Saturday, May 28, 2011

May 28th

I couldn't log onto my blog for the past two days. I was starting to get a little panicky there for a bit. It's a weird feeling, not being able to reach the usual seat behind the curtain.

Keith and I are going riding today. We're going to try out a riding park that we have to pay to get in. It makes me long for Colorado, and its miles and miles of free trail that ran along the Rockies.

It rained and the pool turned the most vivid shade of green I've ever seen. The pool company told us it was because of the sulphur in the rain. They dropped some powerful chemicals in there and within hours it was clearing up, but too deadly to swim in.

We were out there til eight thirty last night, which is when the sun finally set behind the tall, stately pines that shield the pool toward the west and north.
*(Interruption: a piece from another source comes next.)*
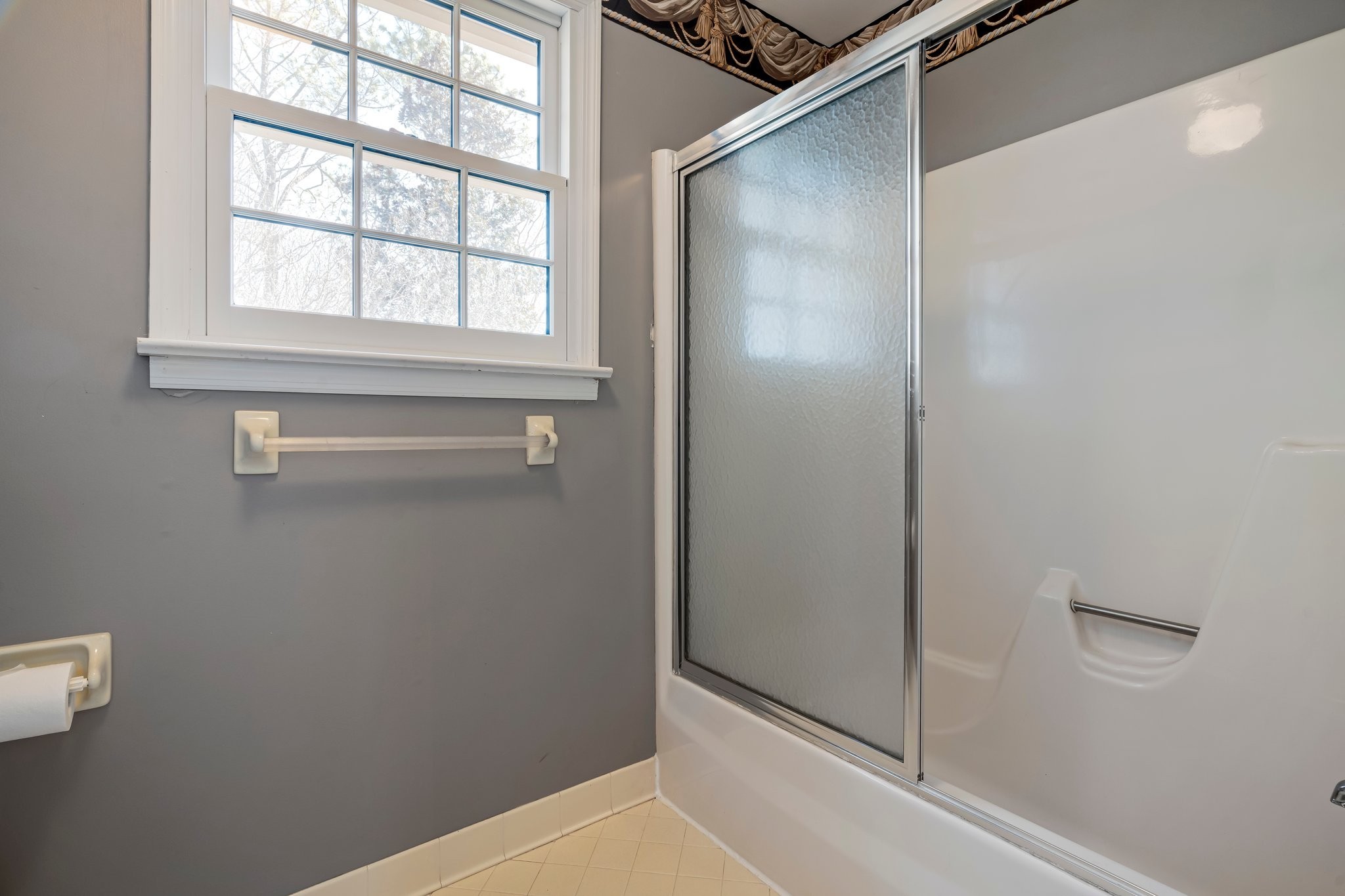 6375 Chickering Circle Nashville, TN 37215 - Photo 48 of 59 a bathroom with a shower and a window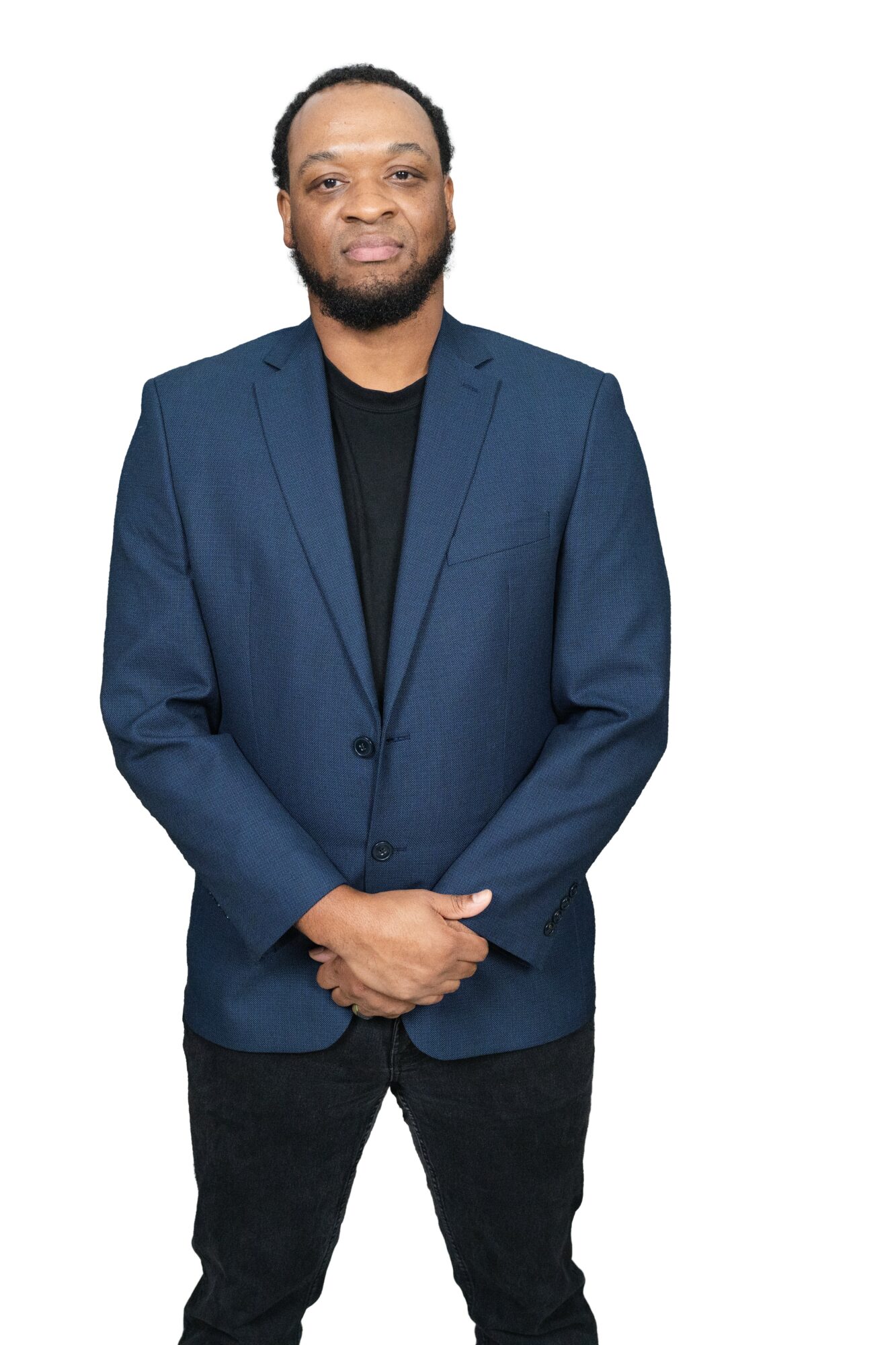 Man with a beard in a blue blazer and black shirt, standing with hands clasped, smiling, against a white background.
We sat out there in damp bathing suits, eating brats with forks and our fingers.

I have finished all the re writing that was necessary on Torii and now must take up where I'd left off, start pushing the story forward in its new direction.

Keith's head keeps popping up from behind the couch, revealing his beguiling grin and beckoning finger, so my blogging keeps getting interrupted.

I have three pictures of myself as a little girl propped up on my desk, to help me remember what it's like to be so young. I think that she will be about five when he first comes, and about eight when he returns. Maybe one day I'll write a story which doesn't draw so directly from my own personal experiences, but who knows? When Flannery O'Connor said that anyone who had survived their childhood had enough material to write for the rest of his or her life, he was not kidding.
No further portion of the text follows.